Finally, the concluding and fourth part provides much needed guidance on the question of lawyers in the colonial world. The essays set out make plain that any suggestion of a homogeneity uniting the legal class is without foundation but that certain groups of lawyers may be described as forming a cohesive group when their religious affiliation or political beliefs are scrutinized.

Having had to consider a somewhat negative aspect of our profession’s past and having alluded to a potentially negative future, I turn next to a more positive element to our understanding of the sociology of the legal profession, the faith of lawyers. I commend Harold Dick’s informative and insightful essay, “Cultural Chasm: ‘Mennonite’ Lawyers in Western Canada 1900-1939”. The issues that such individuals confronted, both within and without their communities as detailed expertly by the author, ought to make us pause to consider the undue sacrifices that our secular world may demand of us on occasion. In addition, I wish to highlight the various ironies of the law that are exposed throughout this essay touching upon the lack of freedom to educate one’s children in accordance with our beliefs and to live in separate communities free of the dominant community if such be our wish.[9] One may also glean from these pages some fundamental understanding of the reasons why so many restorative justice initiatives have sprung from this community.[10]

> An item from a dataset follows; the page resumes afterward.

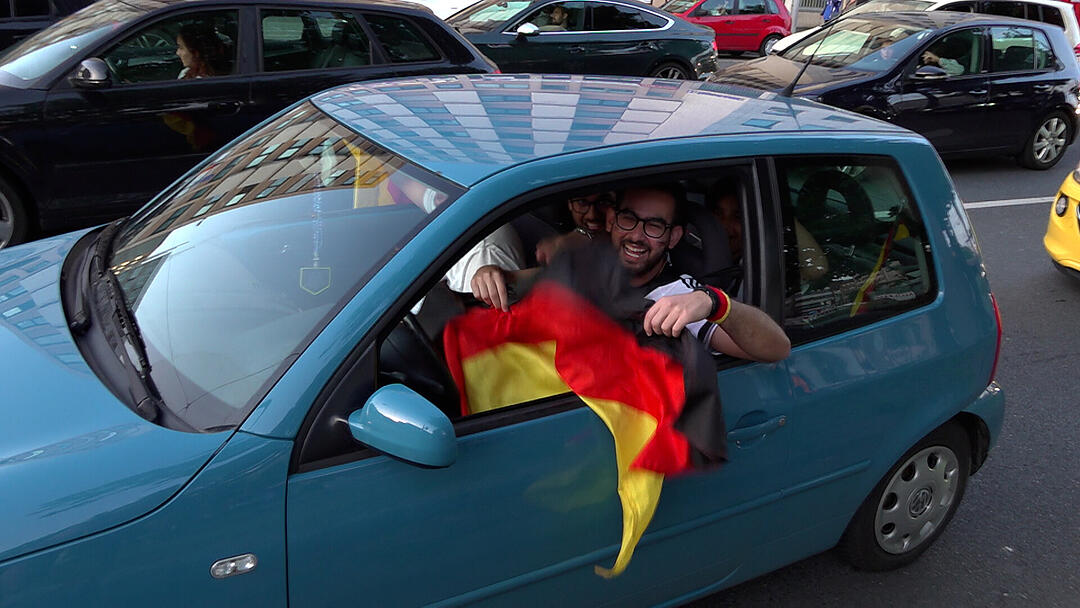 Deutschland steht im Achtelfinale und Nürnberger Fans feiern ausgelassen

Lawyers & Vampires Cultural Histories of Legal Professions offers a wealth of invaluable insights into the future of our profession that we can only ignore at our peril. As we say in French, it is “un livre incontournable!”


[*] Ontario Court of Justice, Canada.

[1] KEITH J HAYWARD, CITY LIMITS CRIME, CONSUMER CULTURE AND THE URBAN EXPERIENCE (2004).

[2] Reference may be had to a book review: Gilles Renaud, 47 CANADIAN J.CRIM & CRIM JUSTICE 613.

[3] P. S. PALUDAN, VICTIMS A TRUE STORY OF THE CIVIL WAR (2004).

[4] RICHARD DALY, OUR BOX WAS FULL: AN ETHNOGRAPHY FOR THE DELGAMUUKW PLAINTIFFS (2005).

[5] 63 THE ADVOCATE 4 (2005) (forthcoming).

[6] PEOPLE AND PLACE: HISTORICAL INFLUENCES ON LEGAL CULTURE (J. Swainger & C. Blackhouse eds., 2003). Please note that the General Editor of the Law and Society Series is Dr. W.W. Pue. Refer to my revierw (in French) in 46 CANADIAN J. CRIM. & CRIM. JUSTICE 391 (2004). As for the American scene, note in particular JAMES C. KLOTTER, KENTUCKY JUSTICE, SOUTHERN HONOUR, AND AMERICAN MANHOOD: UNDERSTANDING THE LIFE AND DEATH OF RICHARD REID (2003). Refer to my review, in 46 CANADIAN J. CRIM & CRIM JUSTICE 527 (2004).

[7] In this respect, I note a recent story by journalist Christin Schmitz, OTTAWA CITIZEN, 21 March 2005 including certain comments attributed to Justice Ian Binnie of the Supreme Court of Canada.

In a post-9/11 world where the state itself could be destroyed by an act of terror, Canadians may have to revisit whether they still buy the legal maxim that "it is better for 10 guilty men to walk free than for one innocent man to be punished," says Supreme Court Justice Ian Binnie. "That proposition is tested when you get to matters of security and counter-terrorism," Judge Binnie told a symposium on counterterrorism and law at the University of Ottawa last week. He pointed to the recent prosecution of a suspected terrorist in Britain during which one of the English court of appeal judges asked whether "it is better that this country should be destroyed, together with the ideals it stands for, than that a single terrorist should be detained without due process?"

[8] Refer to the recent contributions of cultural criminology in this respect as found in Professor Wayne Morrison, Lombroso and the Birth of Criminology Positivism: Scientific Mastery or Cultural Artifice? in CULTURAL CRIMINOLOGY UNLEASHED 67-80 (Jeff Ferrell, ed., 2004).

[9] Of course, I do not wish to suggest that no conflicts may arise within the community itself as demonstrated ably by ALVIN J. ESAU, THE COURTS AND THE COLONIES: THE LITIGATION OF HUTTERITE CHURCH DISPUTES (2004).

[10] Refer to the close analysis of this phenomenon found in ANNALISE ACORN, COMPULSORY COMPASSION: A CRITIQUE OF RESTORATIVE JUSTICE 1-26 (2004).